Heather Knight confident about women’s cricket featuring in ECB’s plans
It was to be a landmark year for women’s cricket in England with the England and Wales Cricket Board (ECB) scrapping the Women’s Cricket Super League and announcing 40 new player contracts as part of the 21 million euros investment to go with the reshaping of the domestic setup. But all those huge plans were put paid to by the coronavirus pandemic, to the extent that many in the domestic setup are worried about their livelihood for the year. It was expected that women’s cricket would be ignored in favour of men’s as the sport looks to resurrect itself.
But England captain Heather Knight has said that the women are in the scheme of things of the ECB and there have been constant talks about getting the women back on the field.
“We’re massively in the plans. We’ve had lots of discussions with the ECB,” Knight told BBC Live Sport Specials.
“A lot of talk about bio-secure environments and I know it involves putting in a lot of work to get it up and running in the next couple of months. We’re pretty realistic and we know the dire situation the game is potentially in if cricket doesn’t happen.”
She said that they were aware of the men’s sport being given more importance because of the financial aspect and that doesn’t disappoint her.
“If those Test matches and men’s ODIs don’t take place then does leave a big hole in the game which is going to impact all areas of the game, especially the women’s game. That’s the place the game is at the moment.”
While tentatively England’s men’s Test matches are set for a July start, there is little clarity on when and how the women’s game will get underway.
“They’re looking at different options,” said Knight. “I’m not too sure if we can do it at the same time as men, because there’s limit on how many people could be in that environment to make it as safe as possible. I imagine it would be separate to the men’s schedule.”
While the plan to announce 40 new contracts had been withheld, the ECB has announced 24 retainer contracts for domestic cricketers. Knight said that it was a step in the right direction.
“It was going to be an absolutely massive year for the women’s game in this country,” she said. “Although there was a lot of talk about The Hundred, the main thing that was happening was those domestic contracts and the start of the professionalism of the domestic game in this country which is brilliant.”
“The investment that the ECB had put for the women’s game is a strong plan, very ambitious. The move to announce those retainers is already a positive one. We need a system below the England level that is competitive, produces really good level and provides those who are dropouts from the England contracts a chance to still earn a living, train and push to get a place in the England setup.”

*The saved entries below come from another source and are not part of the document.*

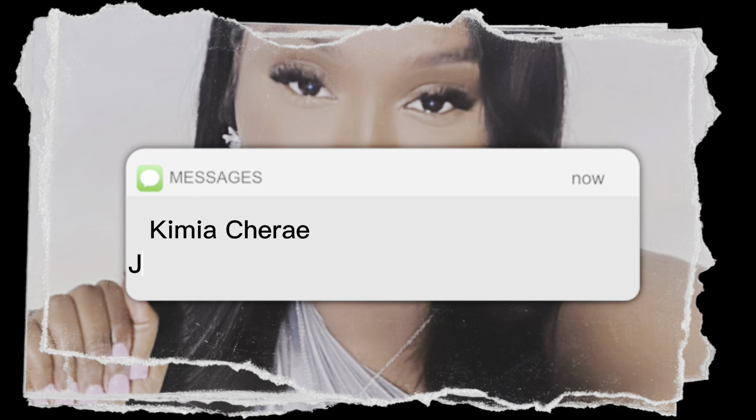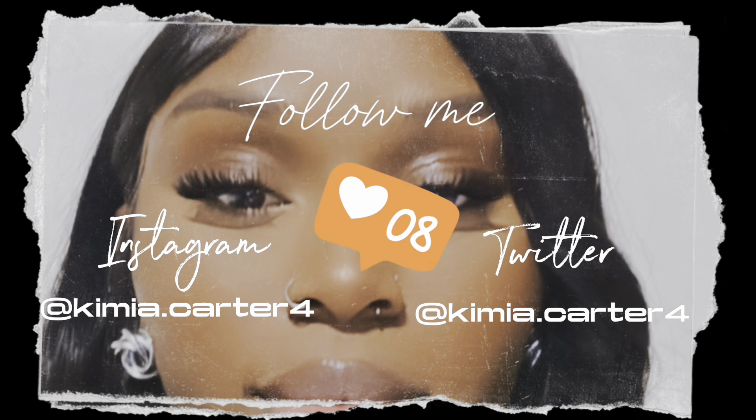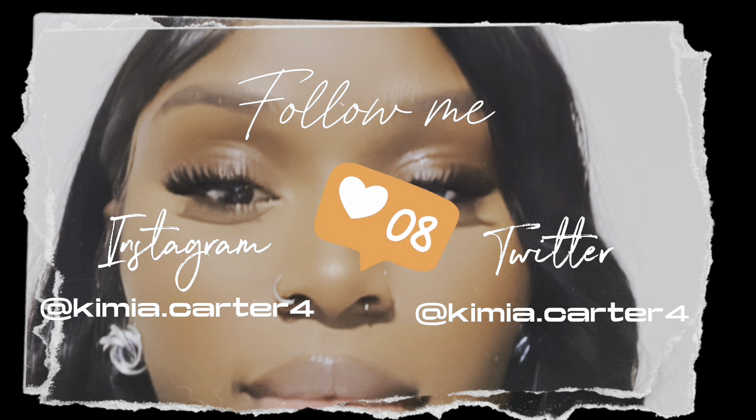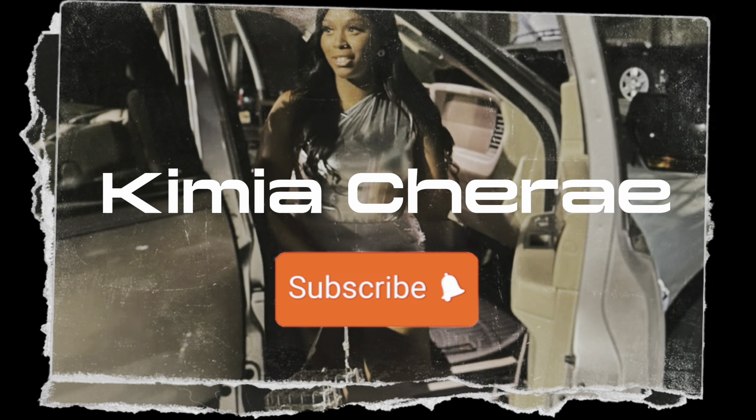What's up y'all? It's your girl Camille Sheree and I'm back with another video. So, I have not vlogged in a minute. I'm not gonna say I was taking a break, but I was just saying I'm not gonna post another vlog until I hit 500 subscribers.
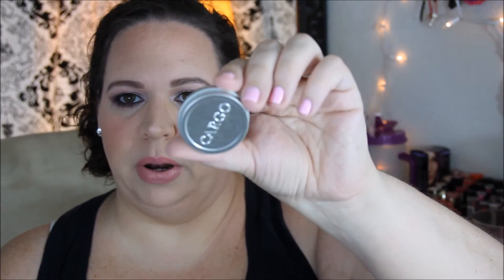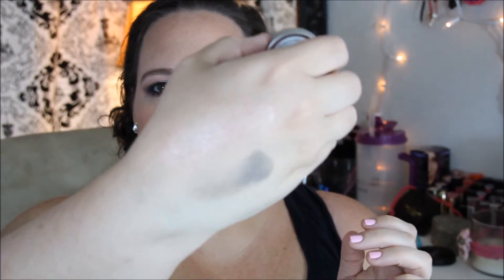The last product in this box is by Cargo Cosmetics — it is an eyeshadow single, also full size, and this retails for $16. The shade that I got is called Flint. It just comes in a little metal tin like this. Oh, that's a gorgeous color — really pretty!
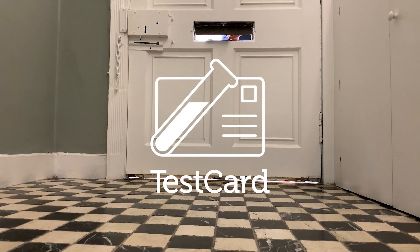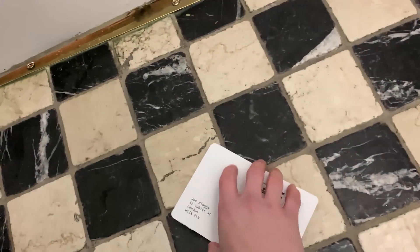TestCard — we've managed to embed urine diagnostics into a postcard which, in conjunction with an app, can give you immediate results in the privacy and comfort of your own home. So I got — you have a little test card and I pee on it, and then what does it tell me?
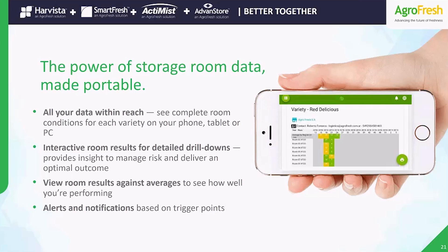Interactive room results provide detailed drill-downs, including key measurement points over the sampling period. View room results against averages to see how well you perform. And to keep you ahead of potential issues, you get alerts and notifications based on set points. With Advanced Store, you have the ability to make your Smarter Freshness solutions even better — because along with bigger yields from Harvesta and increased packouts from SmartFresh and Actimist, you now have the understanding and knowledge to make the most of your new gains and the insight to make better inventory decisions.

While there is uncertainty about cricket in the post-COVID-19 world, Knight has a couple of wishes. She wants to see the domestic structure in England get better for young girls to take up cricket and come up the ranks to play for England. The second thought was about having a minimum amount of investment in women’s cricket all over the world.
“The richer nations at the moment are investing massively in women’s cricket and are seeing the benefits of that and seeing how the game is growing,” she said.
“I guess we are not seeing that across all the countries. So whether there could be some minimum standards of investments by different countries into women’s game. If that doesn’t happen, you’re potentially going to see a widening of the gap between the countries that invest more in women’s cricket and the ones that don’t.”